Neil Andersen: Yeah, you’re either cut out for it or you’re not, and you know that. There are people that get into it and they realize, “I can’t do this.” You have lots of, you know, people that use it as a stepping stone to get somewhere else, waiting on tables, things like that. Then there are those of us that are kind of lifers, and it is, it’s in you, it’s your personality. I think you have to have an affinity for people and hard work and the challenges that they present you. It’s certainly not for everyone. I mean I know I couldn’t imagine myself working in a cubicle or an office or being really isolated, I’d lose my mind, it would just make me crazy. You just figure it out I think.
Lisa Belisle: Are those two of the characteristics? People that have an affinity for others but also people who are used to hard work?
Neil Andersen: I mean it helps. It doesn’t mean that people who don’t work in the restaurant industry aren’t hard workers, but it’s physically grinding too. It takes its toll on you, and it’s non-stop, it never really stops.
Michael Giberson: When you’re the owner you’re really married to it. I mean we luckily live less than a half a mile from the diner, so if there’s a problem I can be down there in a couple minutes. My crew knows that and they don’t hesitate to call, which is great because I want to be involved and I want to help them out in situations. Everything from the credit card machine not working or a leaky pipe, or whatever. You really are a slave to your business when you own something like that.
Lisa Belisle: Well, it sounds like it’s almost like having a child.
Neil Andersen: That never grows up.
Michael Giberson: Yeah.
Lisa Belisle: That never grows up.
Neil Andersen: Never.
Lisa Belisle: Okay.
Michael Giberson: Gets older, but never grows up.
Neil Andersen: Right.
Lisa Belisle: What are some of the things that you’ve learned specifically from owning your own business versus working within the industry?
Neil Andersen: That’s a tough one.
Michael Giberson: Yeah, really.
Neil Andersen: I mean, I feel like staying focused on what we do best.
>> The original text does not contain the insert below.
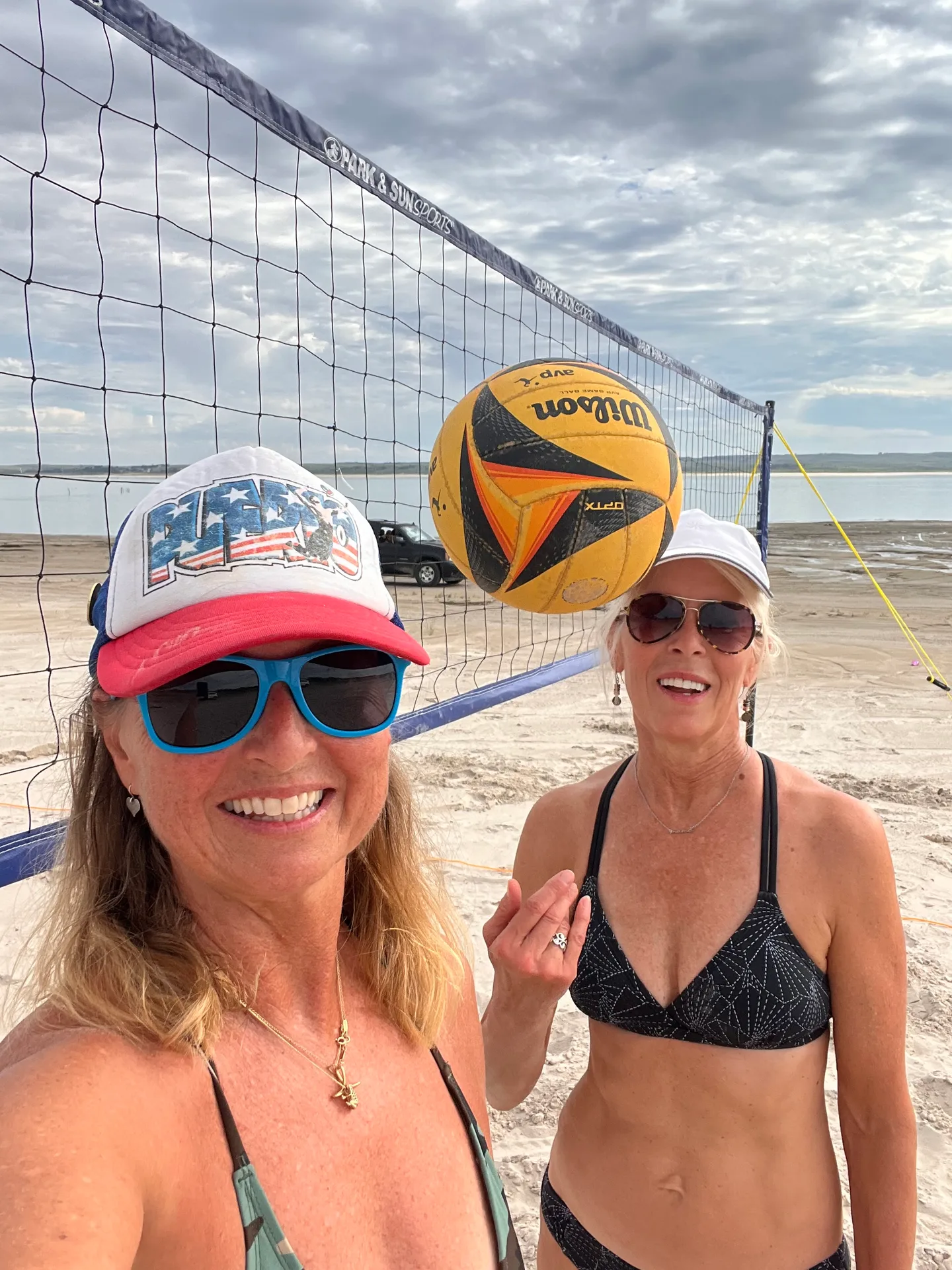 Friends relaxing on the soft white sand beach of Lake McConaughy on a bright summer day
We’ve tried to branch off and do other things and they’ve been somewhat successful, but we’ve always come back to the core of the diner, and that’s when we’ve been the happiest and the most successful. I really feel like just having that focus on the thing that you do and do it as well as you possibly can. I mean, I think the working for other businesses, other restaurants, have helped me be a better owner. I think they work in tandem. I don’t see them as sort of completely separate entities. To me. I think being a diner owner makes me a better employee for someone else, and being an employee for someone else hopefully makes me a better diner owner, because I see it from both angles.
Michael Giberson: It’s been so long since I’ve been an employee I don’t really remember.
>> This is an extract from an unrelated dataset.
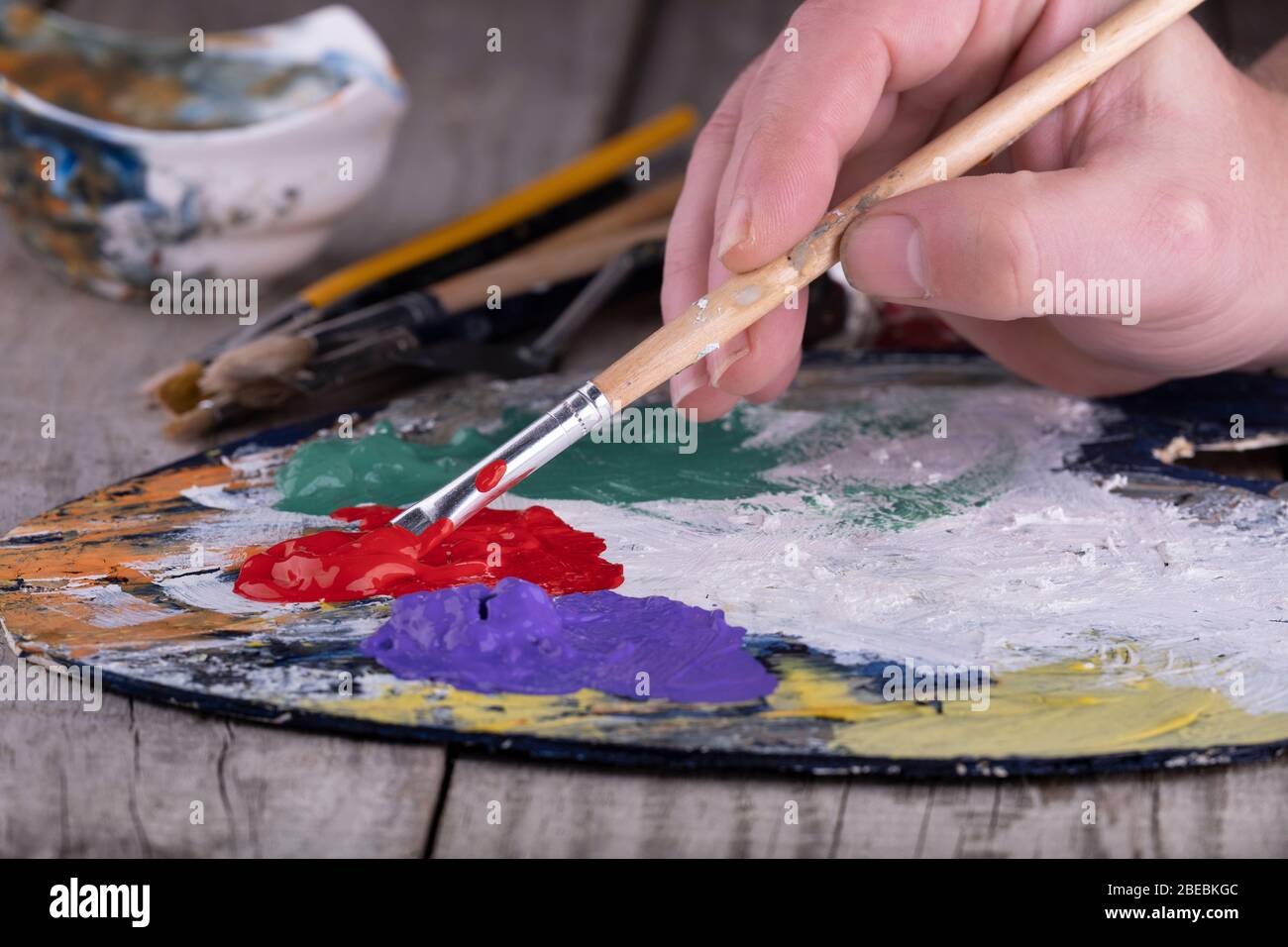 Fine art school. Closeup of wooden palette with acrylic paint and paintbrush in artist hands. Stock Photo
Neil Andersen: He’d probably be a terrible employee now, because he’s worked for himself for so long.
Michael Giberson: Yeah. That’s true.
Lisa Belisle: Well, but it’s interesting because I know owning your own business, I mean, it’s great because you’re your own boss, but then you’re it, the buck stops with you.
Neil Andersen: Oh, completely.
Lisa Belisle: That’s it own set of stressors, because there’s nobody else to wake up in the middle of the night and worry about whether the pipes are frozen.
Neil Andersen: People don’t understand that, yeah, that your whole life is on the line and everything that you have and you own and you do, it rises and falls with the success of your business.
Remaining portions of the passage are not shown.